> **Data for this exercise**:
========================================================================

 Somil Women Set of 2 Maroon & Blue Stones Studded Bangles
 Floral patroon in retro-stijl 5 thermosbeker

========================================================================

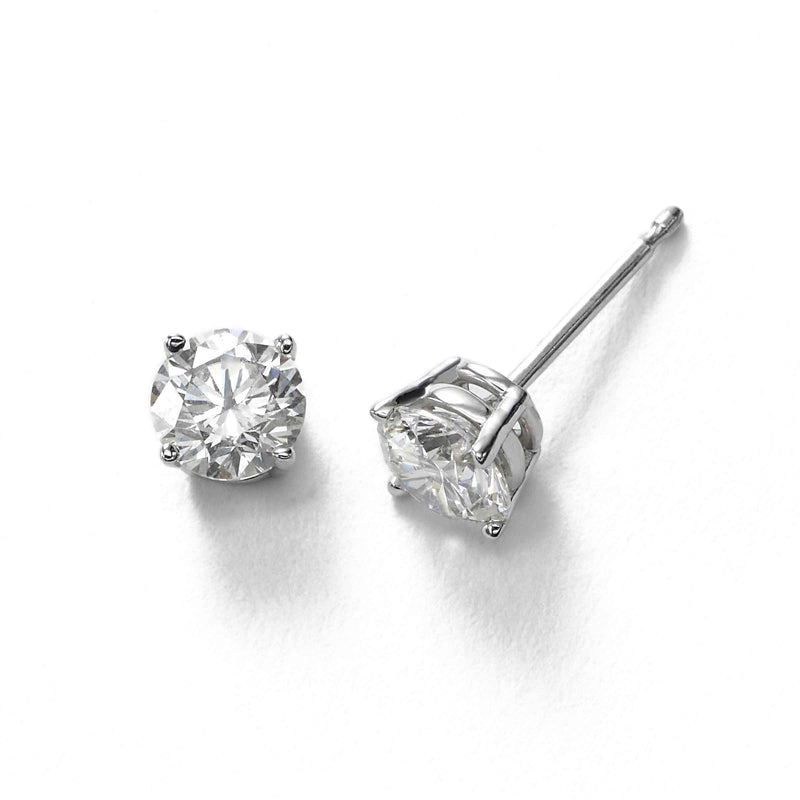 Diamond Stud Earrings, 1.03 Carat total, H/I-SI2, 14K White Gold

========================================================================

> **The problem**:
Beginning with the line containing "Somil Women Set" and ending with the line containing "Floral patroon in retro-stijl 5 thermosbeker", extract those lines exactly from the listing above, and only those.

> **Expected answer**:
 Somil Women Set of 2 Maroon & Blue Stones Studded Bangles
 Floral patroon in retro-stijl 5 thermosbeker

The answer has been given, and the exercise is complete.